AL: Poezija je jezik nevidljivog, igramo se zvukovima, onome što je rečeno i neizrečeno. Jako mi se sviđa ideja da u nekoliko riječi stvorim snažnu sliku koja dočarava nešto puno veće. U svojoj glavi stvaram razne asocijacije. Sinestetik sam, pa miješam boje i samoglasnike, glava mi je prepuna mogućnosti. Moje pisanje je obilno i spontano, a zatim ga izrežem kako bih postigla nešto minimalističko, što stvara jake asocijacije. To je veliki posao, jer prvi je nacrt rijetko dobar. Često koristim riječi iz drugih jezika. Prošle godine sudjelovala sam u predstavi gdje sam davala plesne upute na turskom, japanskom, bosanskom i francuskom. Ta jukstapozicija omogućava nam da se pozabavimo pitanjima identiteta i neobičnosti. Zapravo, moj rad me često podsjeća na patchwork riječi i izraza … gdje sam ja ta zajednička nit koja povezuje dijelove.
AG : Tu as beaucoup voyagé dans la région des Balkans. La région traîne un lourd héritage, pour les raisons que l’on connaît, et les voyageurs peuvent parfois avoir du mal à transcender ce passé, sauter par-dessus les cicatrices pour se laisser saisir par ses (imparfaites) beautés actuelles. Est-ce que tu peux nous partager un lieu ou une expérience (au sens très large) qui t’a marquée au cours de tes séjours, et qui n’aurait absolument aucun lien avec le conflit de 1992-1995 ?

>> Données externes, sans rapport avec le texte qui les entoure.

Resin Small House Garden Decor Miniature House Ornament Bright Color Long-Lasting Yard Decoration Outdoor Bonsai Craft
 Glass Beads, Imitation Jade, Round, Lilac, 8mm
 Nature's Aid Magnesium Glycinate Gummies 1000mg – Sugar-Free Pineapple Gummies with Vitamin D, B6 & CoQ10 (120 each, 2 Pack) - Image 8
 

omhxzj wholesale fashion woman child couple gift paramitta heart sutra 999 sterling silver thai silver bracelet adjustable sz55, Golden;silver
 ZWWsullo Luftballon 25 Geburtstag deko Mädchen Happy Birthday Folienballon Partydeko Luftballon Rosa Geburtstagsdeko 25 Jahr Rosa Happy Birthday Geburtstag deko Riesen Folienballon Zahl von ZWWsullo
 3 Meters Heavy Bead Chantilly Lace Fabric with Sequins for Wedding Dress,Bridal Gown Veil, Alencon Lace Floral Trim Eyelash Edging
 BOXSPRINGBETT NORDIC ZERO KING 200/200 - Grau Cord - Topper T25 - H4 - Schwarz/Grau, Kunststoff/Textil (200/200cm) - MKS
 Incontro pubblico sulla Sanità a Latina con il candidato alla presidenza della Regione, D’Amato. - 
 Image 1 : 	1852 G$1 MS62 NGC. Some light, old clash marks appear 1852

AL: C’est une belle question, car c’est facile de répondre „Ahhh, toute l’histoire est frappante.“ Le moment qui me revient comme étant particulièrement magique est celui où j’ai débarqué à Sarajevo pour la première fois. Il pleuvait à boire debout, je portais mon gros sac à dos. Une envie de pipi m’amène aux toilettes de la gare. Je n’avais pas la bonne monnaie pour payer la dame à la porte, c’est elle qui a fouillé le change dans ma main. Par la suite, je réalise que je suis à 1h15 de marche de mon hôtel. La rue centrale me fait longer les néons des gros centre d’achats, des espaces publics et de vieux bâtiments autrichiens, ottomans ou de l’époque yougoslave, le tout entouré de belles montagnes et d’une nature présente. Tout contrastait avec les espaces croates plus désertiques traversés en autobus. En déambulant, j’ai eu l’impression de traverser quatre pays différents, il y avait tant à explorer. Après, je me suis mise à visiter des salons de thé, des bars à vin sympathiques, où il était facile de développer des liens avec les gens.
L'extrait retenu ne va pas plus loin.